Microsoft co-founder Paul Allen has written a new book that takes aim at Bill Gates, and, according to some critics, fails to live up to reality.
According to The Wall Street Journal, which received an early copy of Allen's book, "Idea Man: A Memoir by the Cofounder of Microsoft," much of the book focuses on Allen's efforts as a philanthropist and entrepreneur. Allen's personal Web site claims he has given more than $1 billion to philanthropic efforts. He is also well-known in sports circles, thanks to his ownership of the Seattle Seahawks and Portland Trailblazers.
But it's his commentary on Microsoft co-founder Bill Gates and criticisms of his one-time partner that has garnered the most attention.
One of the most biting complaints by Allen is his contention that from the very beginning, Gates sought ways to take ownership stakes in Microsoft from Allen for his own gain.
According to Allen, the issue started when he and Gates were able to land their first big contract. When it finally came time to form the company that would become Microsoft, Allen says, he assumed he would receive an equal split of the company. However, he says in his memoir, Gates had another idea.
In an excerpt from the book published by Vanity Fair today, Allen claims Gates said it wouldn't be "right for you to get half." According to the Microsoft co-founder, Gates reasoned that because he "did almost everything on BASIC," the split should be 60-40 in his favor.
After Allen accepted the terms, Gates had another idea. Allen claims Gates said that he thought he should get more than 60 percent, and asked for 64 percent ownership in Microsoft, leaving 36 percent to his co-founder.
"I might have haggled and offered Bill two points instead of four, but my heart wasn't in it," Allen wrote in his memoir, according to the Vanity Fair excerpt. "So I agreed. At least now we can put this to bed, I thought."
But Allen says it didn't stop there. As Microsoft continued to grow, it was time for the two co-founders to find someone who could manage the company. They tapped Steve Ballmer in 1980. It was a move that Allen says caused a rift between the co-founders that ultimately climaxed in 1982 with another potential hit to Allen's ownership in Microsoft.

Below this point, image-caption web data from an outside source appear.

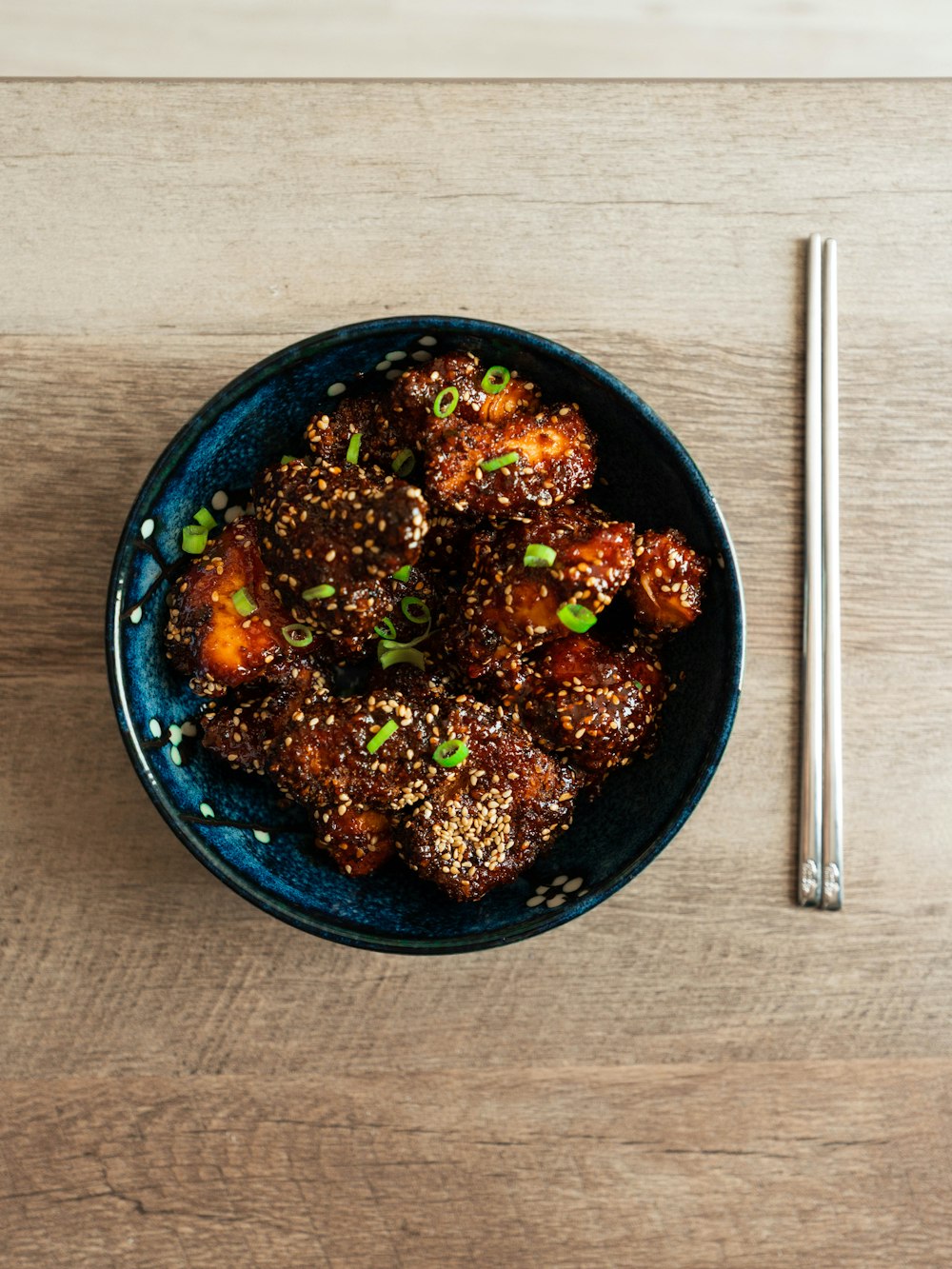 a blue bowl filled with meat and vegetables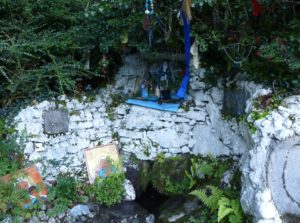 Skour Well at Lough Hyne in Ireland with icons and prayer "rags" hanging from overhangingsacred tree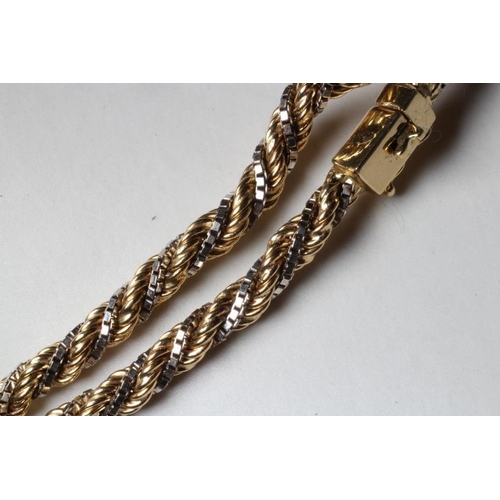 188 - A BI-COLOUR ROPE TWIST NECKLACE stamped 750, the yellow rope chain twisted with a white box link cha... 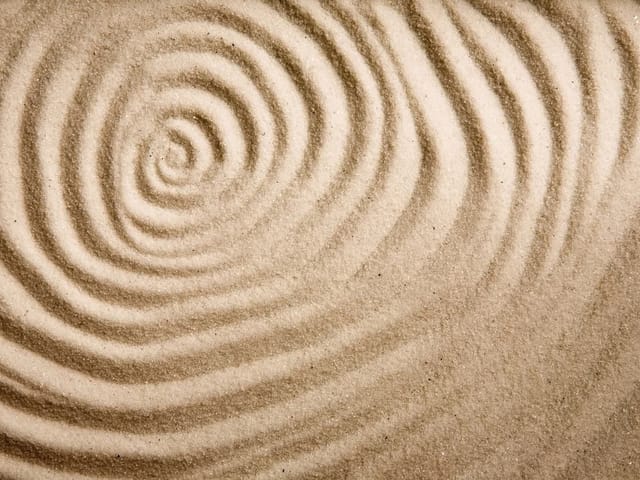 Fototapeta z koncentrycznymi wzorami na piasku, podkreślona cieniami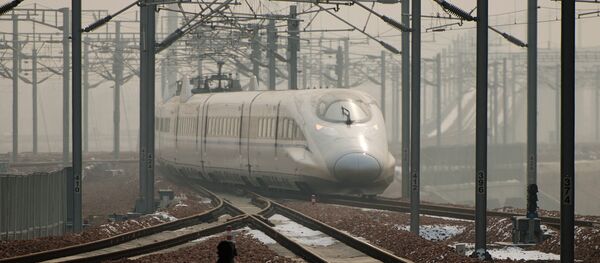 A high-speed train departs a platform in Hebei province south of Beijing on December 22, 2012 A high-speed train departs a platform in Hebei province south of Beijing on December 22, 2012 - Sputnik International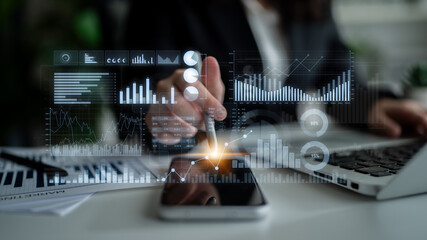 A dedicated business professional reviews key data trends using advanced analytics on a smartphone...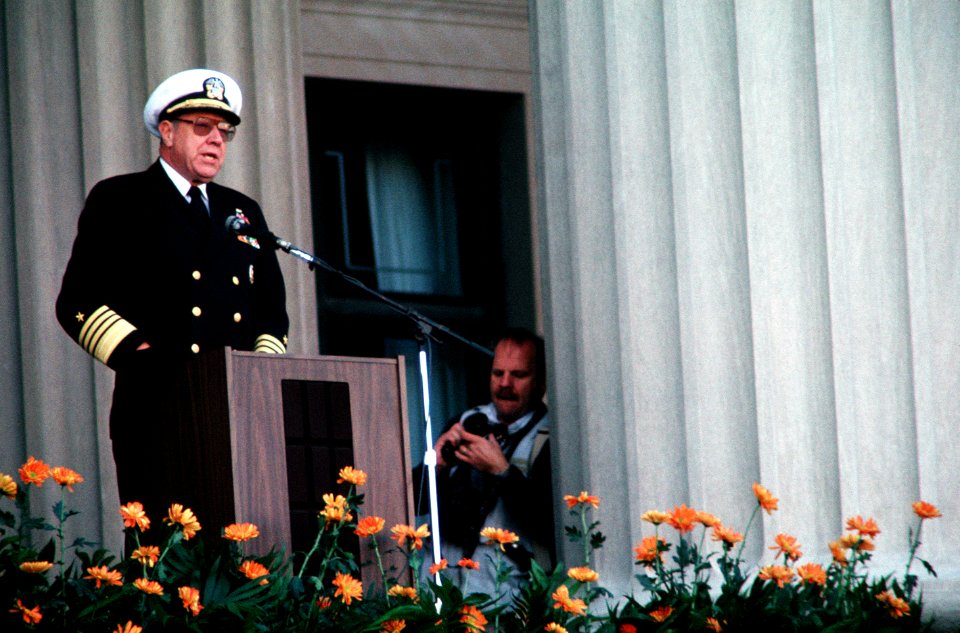 US Navy 071018-N-0000X-002 Navy file photo of Adm. William J. Crowe Jr., chairman of Joint Chiefs of Staff, standing on the portico of the National Archives Building as he addresses the crowd attending the dedication of the U.S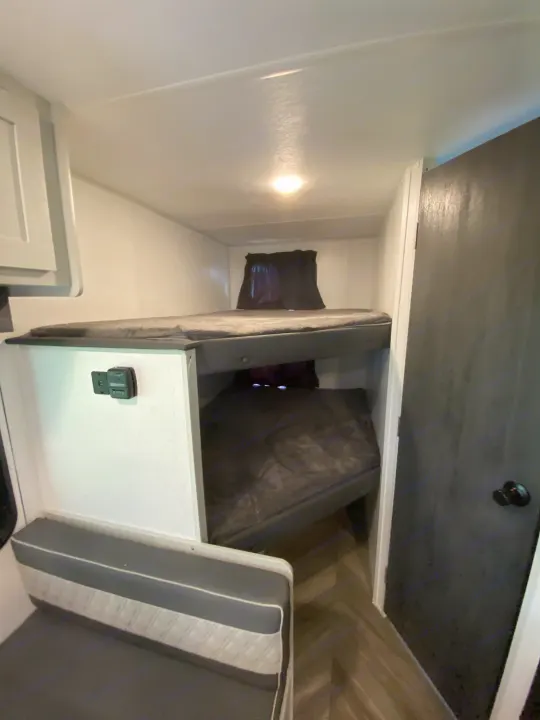 Compact RV rental bunk beds and bench seating, with controls, for a comfortable and efficient mobile adventure.. Forest River Salem FSX Plantium 2022
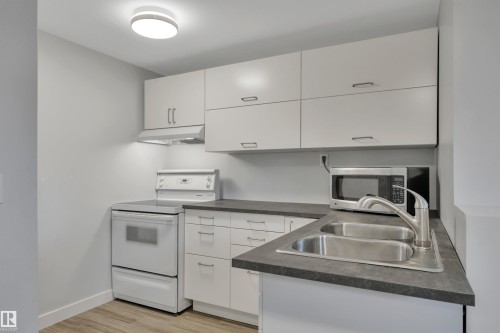 Kitchen featuring light-toned cabinetry with brushed nickel hardware, dark gray countertops, a stainless steel double-basin sink with a gooseneck faucet, a white electric range, and wood-finish flooring - 9835 74 Street, Edmonton, AB 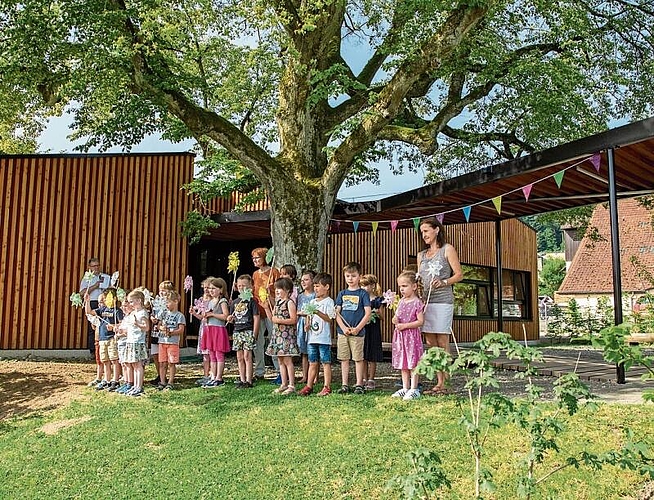 Ein Dankeschön der Kindergärtler: Zusammen mit den Lehrpersonen Käthi Setz (links vom Baum) und Claudia Cecchin profitierten sie vom Schatten des Lindenbaums. Foto: Peter Winkelmann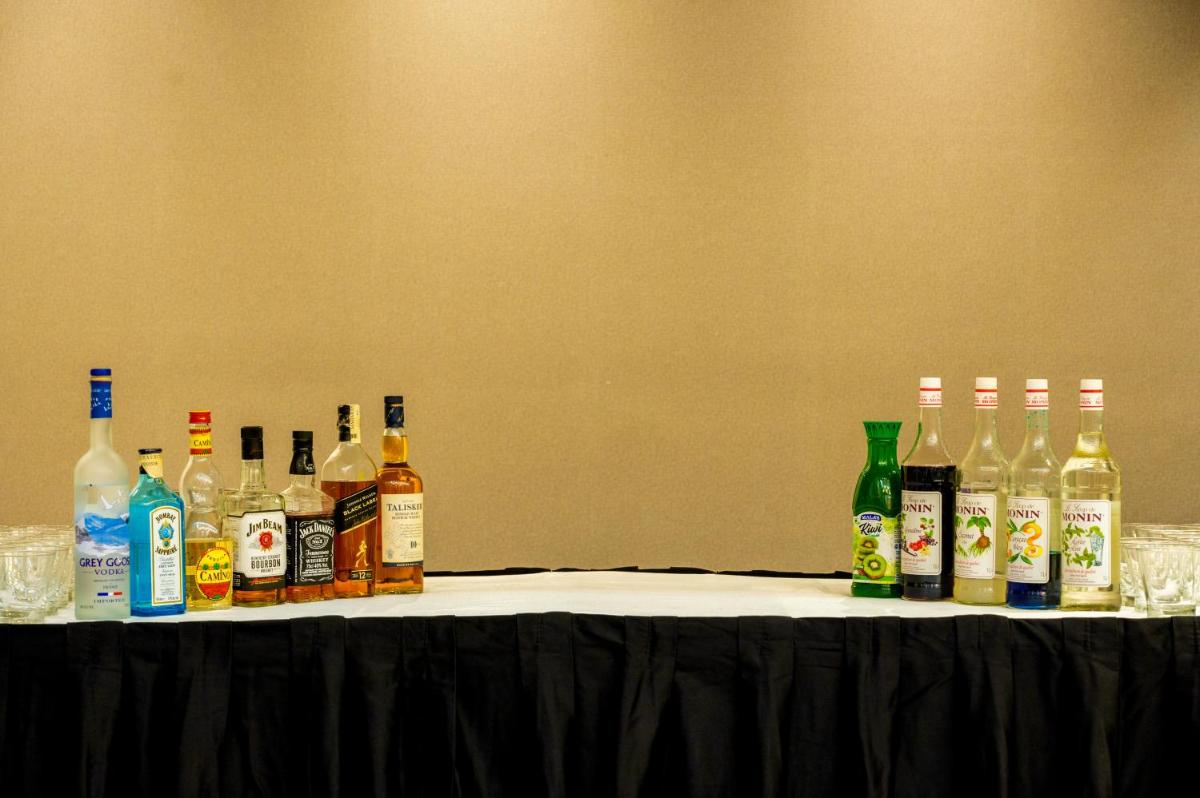 a group of bottles of alcohol sitting on a table at O Hotel Pune in Pune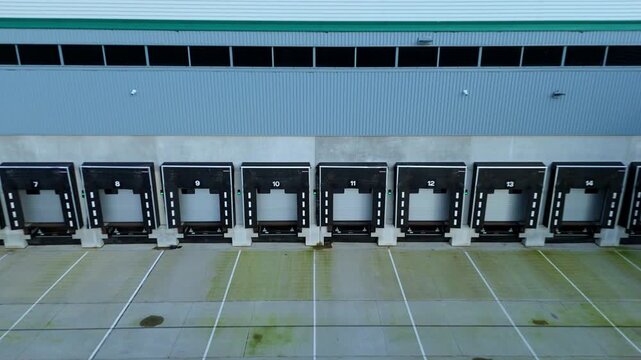 Aerial view of distribution loading bays, marked with numbers, stand in stark contrast to the wet concrete, Kettering, United Kingdom.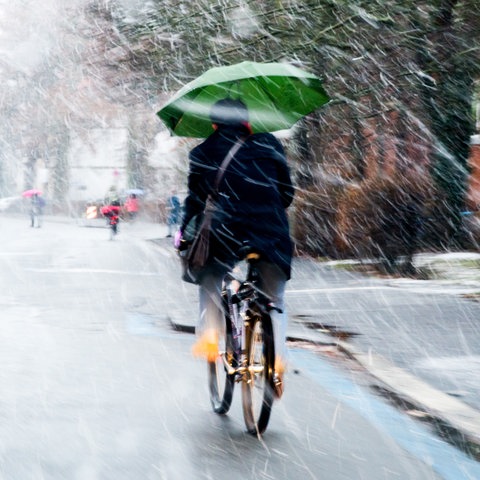 Fahrradfahrer bei Schneeregen mit Schirm in der Hand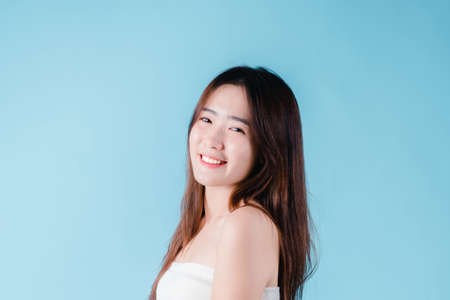 Charming portrait of Asian woman smiling confidence beauty make up on the blue backgroundの写真素材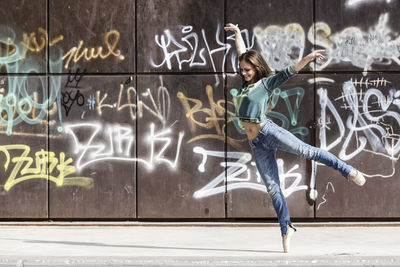 Full length of woman dancing against graffiti on wall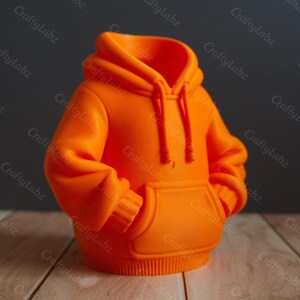 May include: An orange hoodie-shaped container with a hood, drawstrings, and a front pocket. The container is made of a solid material and has a smooth finish. The design is a miniature replica of a hoodie.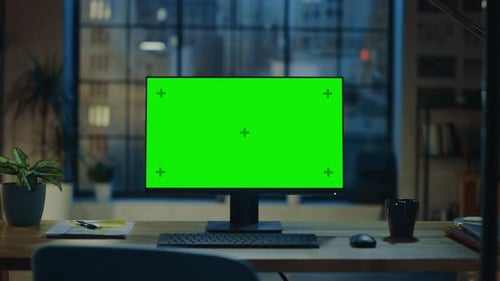 Desktop Computer with Mock-up Green Screen Standing on the Wooden Desk in the Modern Creative Offic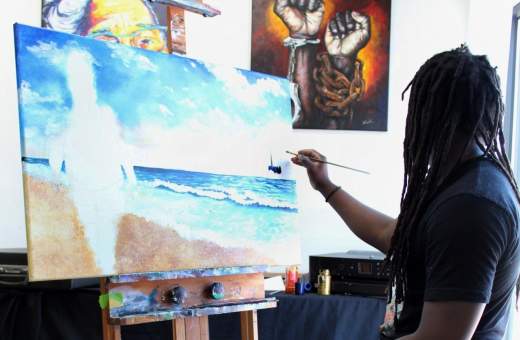 artist painting a canvas in a gallery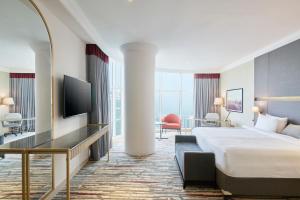 um quarto de hotel com uma cama e uma televisão em Ramada by Wyndham Doha Old Town em Doha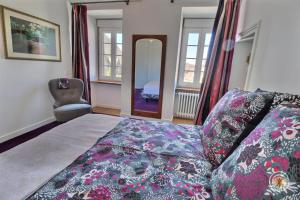 a bedroom with a bed and a chair and windows at Le presbytere in Plouaret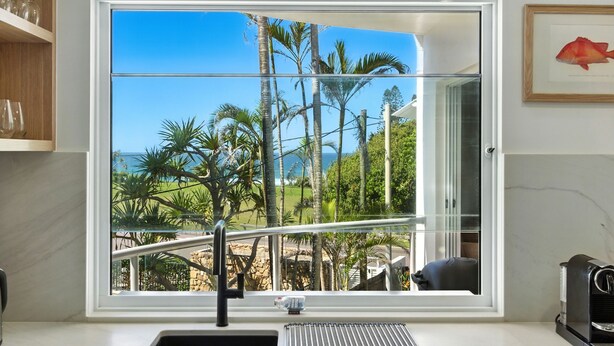 A kitchen with a large window overlooking a tropical garden and ocean view.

"One evening in late December 1982, I heard Bill and Steve speaking heatedly in Bill's office and paused outside to listen in," he writes in his memoir. "It was easy to get the gist of the conversation. They were bemoaning my recent lack of production and discussing how they might dilute my Microsoft equity by issuing options to themselves and other shareholders. It was clear that they'd been thinking about this for some time."
The lack of productivity wasn't intentional, Allen claims. A few months earlier, he was informed by doctors that he had Stage 1-A Hodgkin's lymphoma. He stayed on at Microsoft during his treatment, but Allen says that he was a victim of Gates and Ballmer at his weakest moment.
"I helped start the company and was still an active member of management, though limited by my illness, and now my partner and my colleague were scheming to rip me off," Allen writes in his memoir. "It was mercenary opportunism, plain and simple."
By early 1983, Allen says, he was finally ready to move on from Microsoft. According to the Vanity Fair excerpt, he and Gates tried to hash out a deal for him to leave, a deal he says resulted in "a lowball offer for my stock: five dollars a share."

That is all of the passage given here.